MALDI for QC In another conference workshop, researchers revealed that considerable progress has been made toward the use of MALDI MS for identity testing in a quality control (QC) setting. “People want to eliminate running a conventional peptide map, and this is an alternative they are exploring,” said workshop co-chair Rohin Mhatre of Biogen, in a later interview. In theory, it has always been possible to use MALDI for QC, but questions of reproducibility have made it an unlikely candidate in reality. The biggest issue has been whether it’s possible to validate MALDI methods, Mhatre explained. “Two years ago, I don’t know that many people would have said yes,” he added. “But when we asked how many people [in this workshop] are using MALDI or were considering it for release assays, I was surprised to see that several were.” Although nobody has put MALDI into a QC lab and used it to release a product, several researchers have been using it in a development lab with the idea of eventually moving it into release, said Mhatre. MALDI’s ultimate fate will depend on whether researchers can get all the information they need from it and how comfortable they are doing the tests, he said. “But there is hope, and significant steps have been taken in that direction,” he added.

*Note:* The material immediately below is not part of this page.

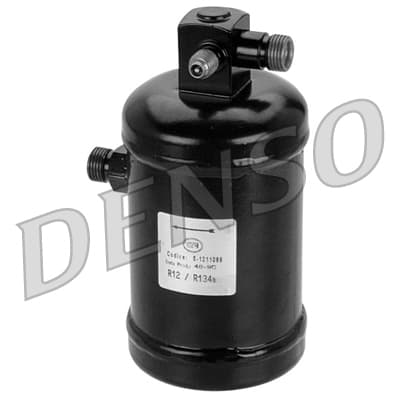 DENSO DFD07007 Air Con Dryer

Accelerator MS for biologics To begin a talk with a list of problems with 14C almost isn’t fair, but Colin Garner of the United Kingdom’s Centre for Biomedical Accelerator MS did it anyway. There is the long half-life, the need for large doses, and the special facilities required for making radiolabels. When radioactivity is used in clinical settings, there are the added issues of

obtaining permission; administering radioactivity to troublesome areas, such as the lungs; and the problem of discharging “hot” patients or subjects. An alternative that is receiving increasing attention in biological studies is accelerator MS (AMS). Originally developed for radiocarbon dating, AMS uses a 10,000-V tandem van der Graff accelerator to analyze negative ions. An AMS can count to the zeptomole level—which means that the efficiency of sample preparation doesn’t matter much—and uses little or no radioactivity, Garner said. (Radioactive or not, isotopes that are stable for at least 10 years and are rare in the environment will work.) The use of low levels of radioactivity has many advantages. First, AMS makes it possible to study the impact of putative toxins or carcinogens at realistic levels of exposure, rather than giving

large doses and extrapolating back to the low ones. Second, because a variety of tags can be used, it is easier to look at the interactions of multiple compounds. And third, in clinical studies of new drugs, AMS can cut the dose of radioactivity administered to 1/1000th of the usual dose or, as Garner described it, the “homeopathic” level. In fact, Garner added, administering such low levels of radioactivity— which are equivalent to ~10 min of natural cosmic exposure—does not require external regulatory approval in the United Kingdom. Permission from an institutional review board is enough. This situation raises several possibilities of interest to drug companies, including giving small doses of drugs to humans earlier than usual and allowing studies in previously forbidden populations, such as children and women of child-bearing age.